In Earth science research involving observations of the natural world, experimental conditions cannot be reproduced. For environmental research the standard must switch for repeatable to intercomparable – capable of being compared. Research quality observations must be capable of being compared with measurements of the same environmental variable taken at other times and/or places. This quality of intercomparability is established by following identical measurement protocols and using instruments that are calibrated by comparison to standards. Often scientists prefer the instruments to be identical or for the same instrument to be used in different times and places.
Remote sensing instruments flown on satellites are a key example of using an instrument to observe large areas of Earth for years. The calibration of the instruments must be confirmed repeatedly. The same technique applies to instruments flown on aircraft or long-duration balloons. In situ measurement systems may be moved through the environment on ships, aircraft, balloons, motor vehicles, and even by humans. In this instance the calibration also must be maintained.

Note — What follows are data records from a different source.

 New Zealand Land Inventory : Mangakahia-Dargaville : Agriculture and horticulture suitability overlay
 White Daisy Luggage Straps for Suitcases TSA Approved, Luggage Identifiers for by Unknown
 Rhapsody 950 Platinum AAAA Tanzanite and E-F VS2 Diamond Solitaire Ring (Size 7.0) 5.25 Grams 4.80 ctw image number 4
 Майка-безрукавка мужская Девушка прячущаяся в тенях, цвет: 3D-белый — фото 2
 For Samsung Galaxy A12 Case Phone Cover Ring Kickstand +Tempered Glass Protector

By following observation protocols, using instruments with known, stable characteristics, and recalibrating when necessary, citizen scientists can take measurements that are research quality and intercomparable. In some cases scientists want these observations to be taken with identical devices. For example CoCoRaHS requires all participants to use the same rain gauge, a rain gauge that is also used in GLOBE. Data from automated weather stations is not accepted. In other cases, scientists must take into account the different characteristics of different devices when combining datasets acquired by different devices or even acquired following different protocols. An example with GLOBE is combining maximum and minimum daily air temperature data taken with digital multi-day max/min thermometers, U-tube thermometers, other max/min thermometers, and data from automated weather stations.
GLOBE provides standard observation protocols, instrument specifications, and calibration procedures that enable students and others to take intercomparable environmental measurements as citizen scientists.